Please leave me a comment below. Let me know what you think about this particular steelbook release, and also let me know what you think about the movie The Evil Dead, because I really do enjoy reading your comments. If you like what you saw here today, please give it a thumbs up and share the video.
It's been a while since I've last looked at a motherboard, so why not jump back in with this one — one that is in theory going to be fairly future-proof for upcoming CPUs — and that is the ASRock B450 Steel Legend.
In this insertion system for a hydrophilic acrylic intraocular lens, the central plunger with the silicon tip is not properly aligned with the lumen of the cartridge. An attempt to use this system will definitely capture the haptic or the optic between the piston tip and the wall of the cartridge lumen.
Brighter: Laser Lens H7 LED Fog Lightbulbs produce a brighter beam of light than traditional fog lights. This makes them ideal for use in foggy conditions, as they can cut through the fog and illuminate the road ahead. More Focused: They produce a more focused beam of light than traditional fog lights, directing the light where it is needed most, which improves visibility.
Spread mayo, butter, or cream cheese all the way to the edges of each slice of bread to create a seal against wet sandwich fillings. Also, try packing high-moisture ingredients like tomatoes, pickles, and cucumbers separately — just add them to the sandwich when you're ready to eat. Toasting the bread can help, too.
┄┄┄┄┄┄
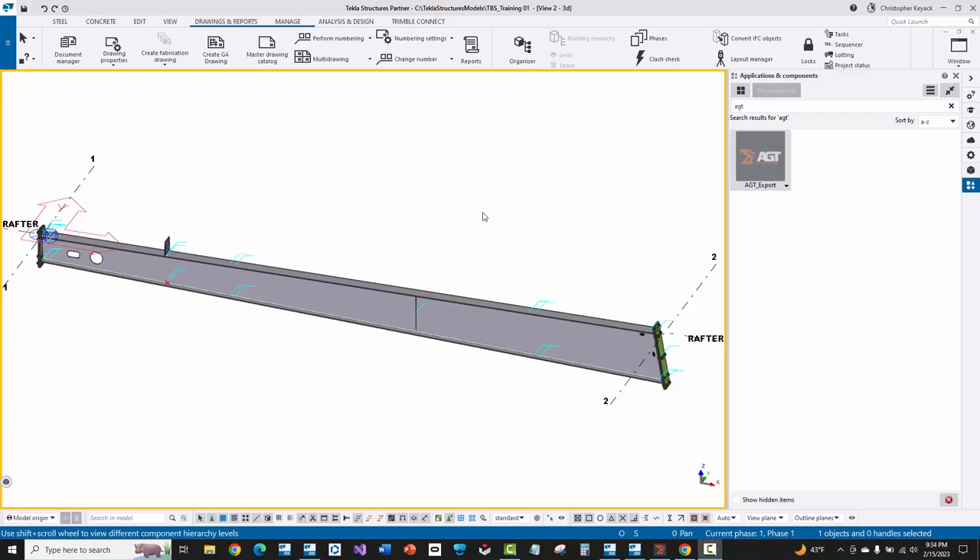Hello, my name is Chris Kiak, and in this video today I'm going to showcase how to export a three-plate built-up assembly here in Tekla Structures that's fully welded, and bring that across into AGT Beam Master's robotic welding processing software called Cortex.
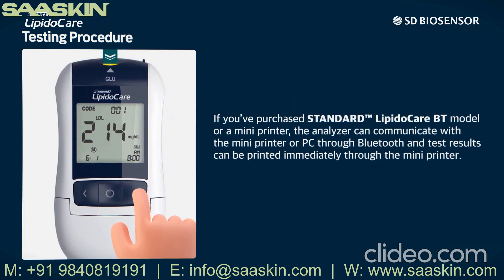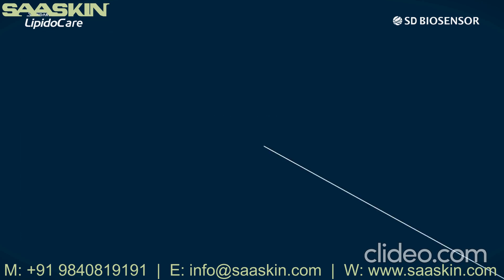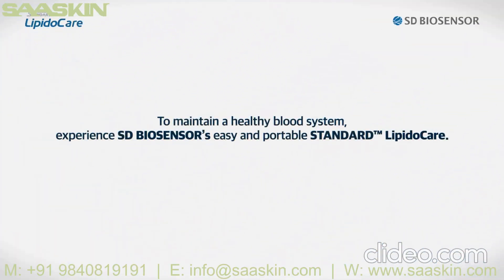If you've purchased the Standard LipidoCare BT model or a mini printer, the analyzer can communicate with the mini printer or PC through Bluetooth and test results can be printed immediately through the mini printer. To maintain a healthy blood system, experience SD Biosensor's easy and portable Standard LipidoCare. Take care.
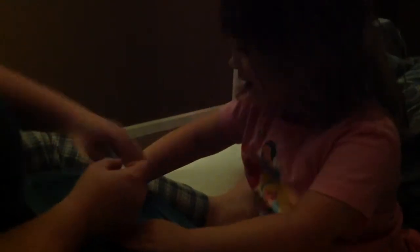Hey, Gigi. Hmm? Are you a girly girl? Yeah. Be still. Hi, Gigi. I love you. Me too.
┄┄┄┄┄┄
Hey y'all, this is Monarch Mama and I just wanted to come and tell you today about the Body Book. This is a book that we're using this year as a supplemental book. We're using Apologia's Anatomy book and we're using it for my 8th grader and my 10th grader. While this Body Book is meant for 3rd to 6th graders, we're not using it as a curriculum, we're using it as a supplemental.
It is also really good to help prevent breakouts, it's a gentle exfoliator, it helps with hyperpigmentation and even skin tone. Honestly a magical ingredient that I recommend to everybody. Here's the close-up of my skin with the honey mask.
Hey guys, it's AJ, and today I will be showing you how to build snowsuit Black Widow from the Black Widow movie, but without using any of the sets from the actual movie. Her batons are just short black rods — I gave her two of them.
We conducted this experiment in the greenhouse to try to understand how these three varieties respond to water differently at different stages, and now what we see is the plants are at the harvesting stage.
┄┄┄┄┄┄
> Task instructions
Each line above where the word "what" occurs should be returned in full.

> Output of the task
Please leave me a comment below. Let me know what you think about this particular steelbook release, and also let me know what you think about the movie The Evil Dead, because I really do enjoy reading your comments. If you like what you saw here today, please give it a thumbs up and share the video.
We conducted this experiment in the greenhouse to try to understand how these three varieties respond to water differently at different stages, and now what we see is the plants are at the harvesting stage.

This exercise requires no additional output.